Now for more generally comments: There are at least three good free
C++ CORBA ORBs out there. Yet when I've played with these I've always
ended up feeling that they focus tightly on implementing the C++
bindings and IIOP, to the exclusion of everything else. A free
distributed object infrastructure would be a great thing - naturally
it should be based on CORBA, but just as importantly it should allow
free software authors to build distributed applications and components
with a minimum of fuss.

It may sound as if I'm proposing writing something like COM/OLE2 or
SOM, and in many ways I am. In fact, any CORBA ORB which allows object
implementations to reside in shared libraries in effect defines a
component object standard, so we might as well do it rigorously and
language independently. Also, basing it on CORBA from the start will
save a lot of effort compared to SOM/COM. (COM isn't really as
complicated as it is often made out to be - it just seems like it
because all of the documentation for it is mind-numbingly verbose and
short on technical details).

Anyway, enough of the screed, here are the features that, for me,
would make it worth developing ORBit:

- A robust binary interface specification for object implementations
contained in shared libraries. A kind of in-process equivalent to

- Given the above, a client stub can just be a shared library
containing an object implementation which happens to convert method
calls into on-the-wire GIOP requests, just as DCOM/DSOM do it.

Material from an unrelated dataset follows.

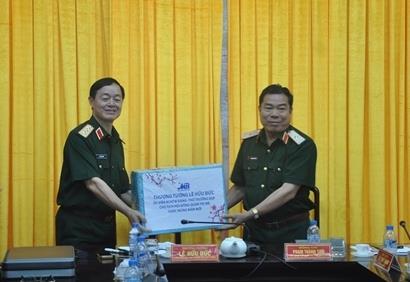 Thượng tướng Lê Hữu Đức làm việc với BĐBP và Quân sự tỉnh Cà Mau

- Allowing easy integration into existing apps, both for client and
server operation.

- Support for asynchronous object requests, i.e. the out parameters
and return value of a method call get passed to the client using a
callback. Anyone who's seen graphical programs freeze while they use
the Unix DNS interface will appreciate why this is useful. Threading
is in many ways the preferred approach, but an event-based approach
can fit more cleanly into existing single-threaded programs.

- Extended language bindings for C. The CORBA C language binding is
pretty awful, compared to Gtk-style object-oriented C. I think it's
possible to keep compatibility with the CORBA C bindings while
incorporating something very similar to the Gtk style.

- Bindings for other languages (C++ and Guile spring to mind).

- Implementations of the various services.

Comments welcome.

Dave Wragg.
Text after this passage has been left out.